#  > STAGE & RIGGING FORA >  > RIGGING FORUM - ONDERWERPEN & FOTO'S >  >  Flying projectie scherm

## olvaar_be

Hallo,

Weet er iemand hoe ik het best (simpelst) een projector kan laten mee vliegen met het projectie scherm (4x3m) ? (op dezelfde truss, ongeveer 6 meter van de truss)

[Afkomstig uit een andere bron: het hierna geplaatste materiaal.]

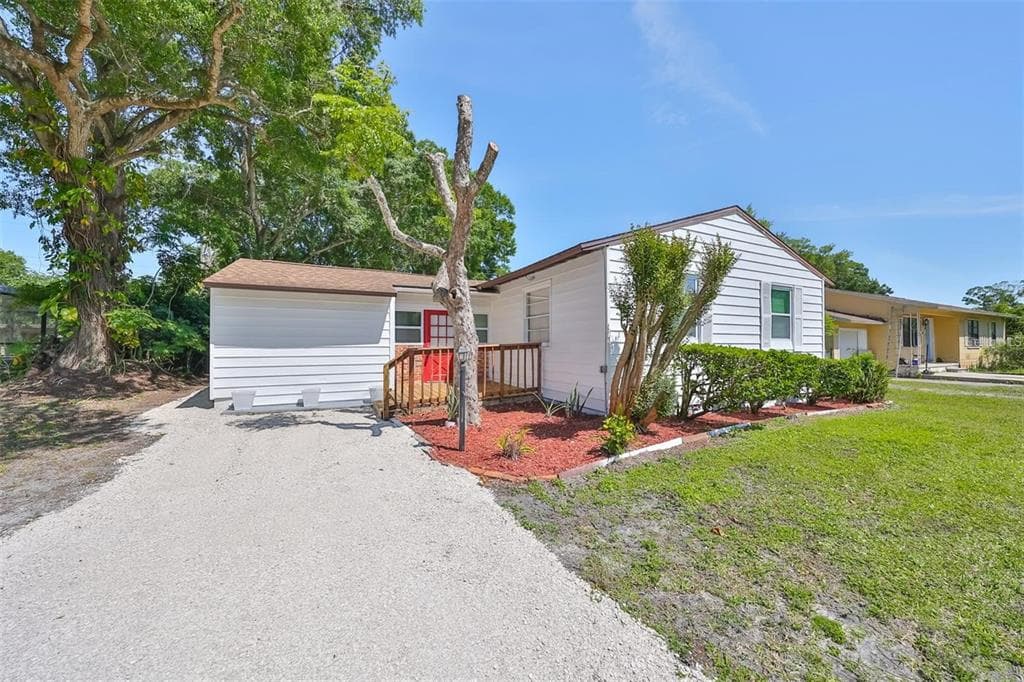 5117 N ROME AVENUE TAMPA, FL 33603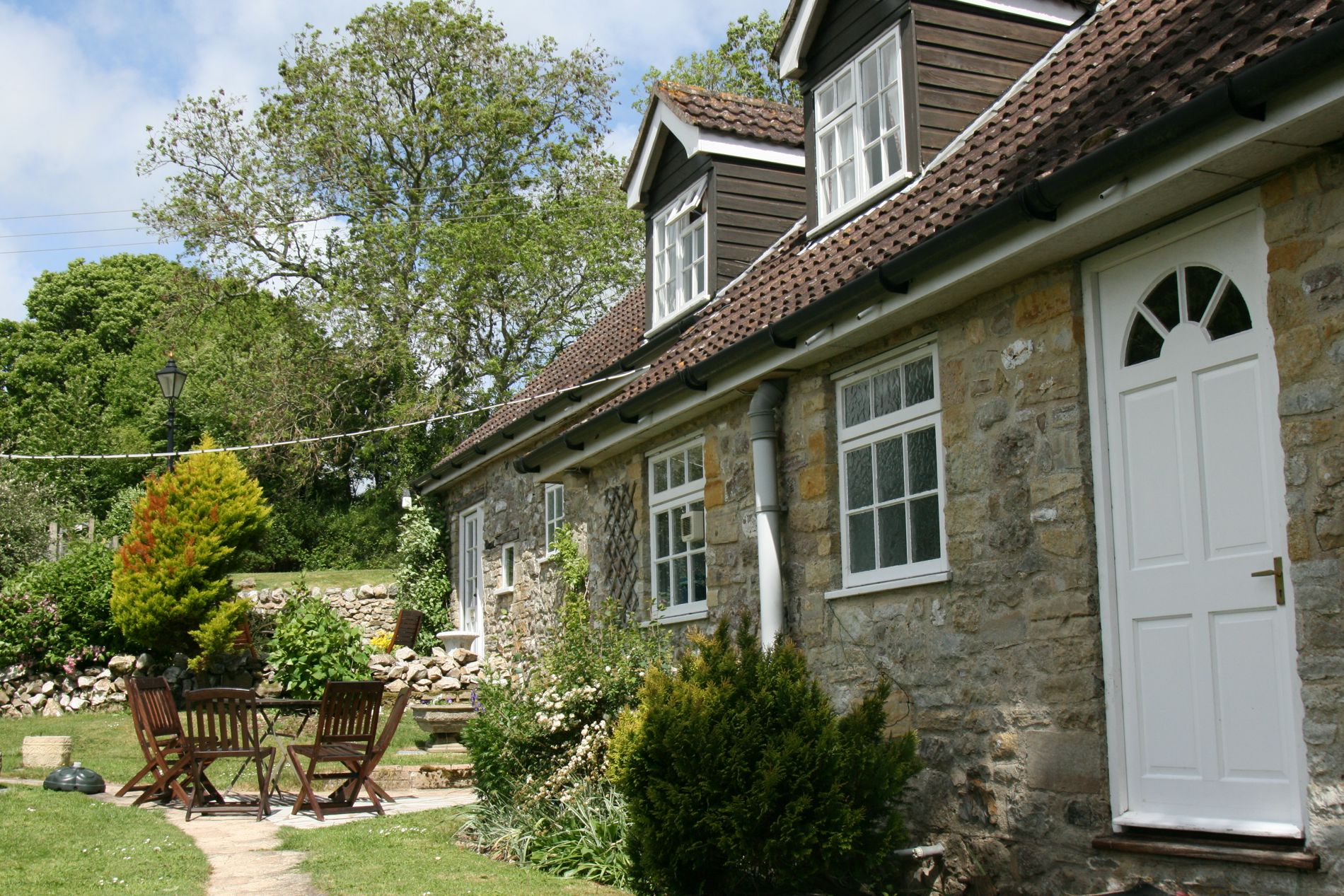 Image of Nuthatch Cottage - External View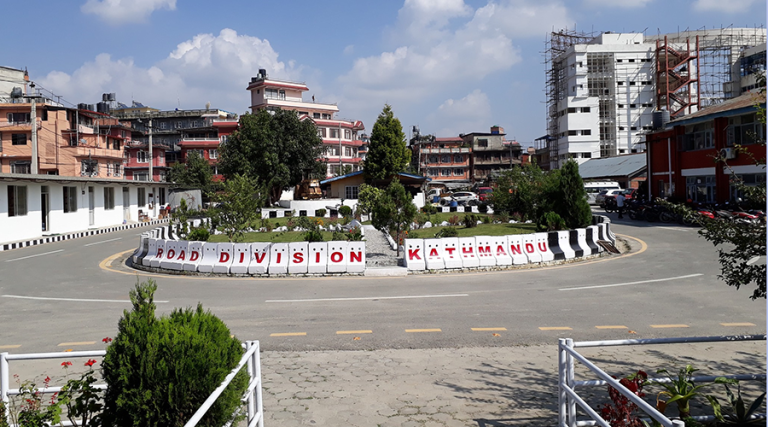 सडक डिभिजन काठमाडौंले अनावश्यक कर्मचारी कटौती गर्दै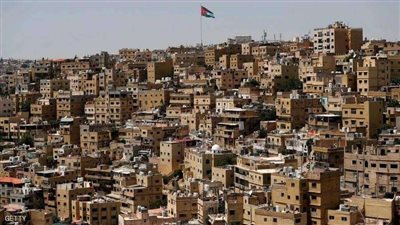 هزت الأردن.. رجلًا يعتدي على طفل بالساطور (تفاصيل)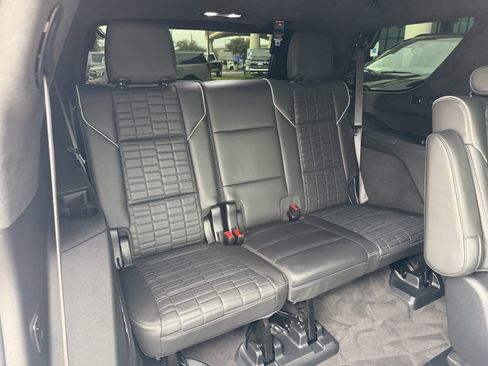 Used 2023 Cadillac Escalade Sport Platinum AWD/4WD image 35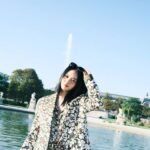 Chantalle Ng Instagram - BONJOUR FROM PARIS! Thank you for having me on your cover @nuyousingapore @terencewhatever ❤️ Photo @chuck.reyes Styling @donsonc Hair and Makeup @kimxbby__   Wearing @longchamp Text 王莉雁 Managed by @the_celebrityagency @ashleymjchen @jacindahoon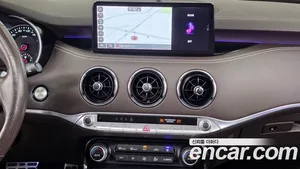 Kia Stinger, 2020 — миниатюра 20
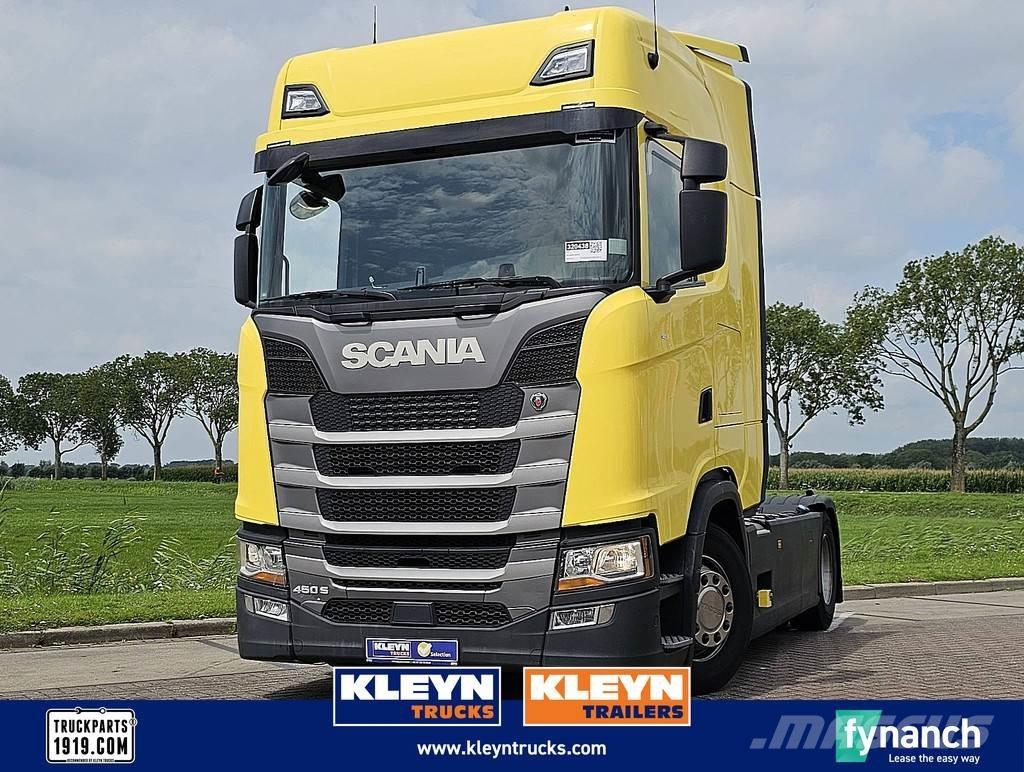 Scania S450 Vetopöytäautot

Ik zit in een zaal waar ik enkel kan takelen, plafond hoogte 19m en vlieghoogte 6m ..

Groeten, 
Peter

----------


## Kevin_DM

Als je gewoon bedoelt, je projector mee te takelen, truss in T-vorm, aan 3 takels en scherm aan een kant, projector aan uiteinde van T hangen.
Als je een bewegend scherm wil, waarbij alles moet kunnen mee bewegen.... Ledwall hangen (gaat alleen een fortuintje kosten). Echte rondvliegende schermen met projector is anders niet haalbaar (heb je ten eerste al microprocessor gestuurde tracks nodig voor zowel scherm als projector, en je gaat nooit een mooi beeld krijgen.

----------


## olvaar_be

ja gewoon mee takelen ...

Met een t-stuk had ik ook gedacht, maar zoveel takel heb ik niet :-)

(3 schermen) 

Ik had eerder gedacht aan alu buizen of zo .. van truss naar projector (kleintje : 3kg) .. maar hoe zit het dan met de balance van de truss ... zou dat zwaar scherm de truss niet recht houden ?

----------


## Kevin_DM

Takel bij huren. 6 meter overspanning met een eenvoudige scaffbuis krijg je ten eerste niet stabiel, en is daarboven ook totaal onverantwoord (scaffbuis met 6m oversteek krijg je al nooit op een deftige, veilige manier bevestigd, laat staan met extra gewicht van 3 kg. 3 kg lijkt niet veel, maar je creëert zo een behoorlijk grote hefboom).

----------


## olvaar_be

idd ... jammer .. dan zal ik er toch nog 2 moeten bij zoeken

----------


## rinus bakker

per T-truss heb je TENMINSTE twee takels nodig:
en je hebt mazzel met die hijshoogte en die zaalhoogte: boven je scherm doe je een 2-sprong, en als je die 6m-buis met 3kg projector aan het einde (bestaan er zulke lichte?), oppakt op zeg een meter vanaf de projector dan is er voor die buis weinig te vrezen.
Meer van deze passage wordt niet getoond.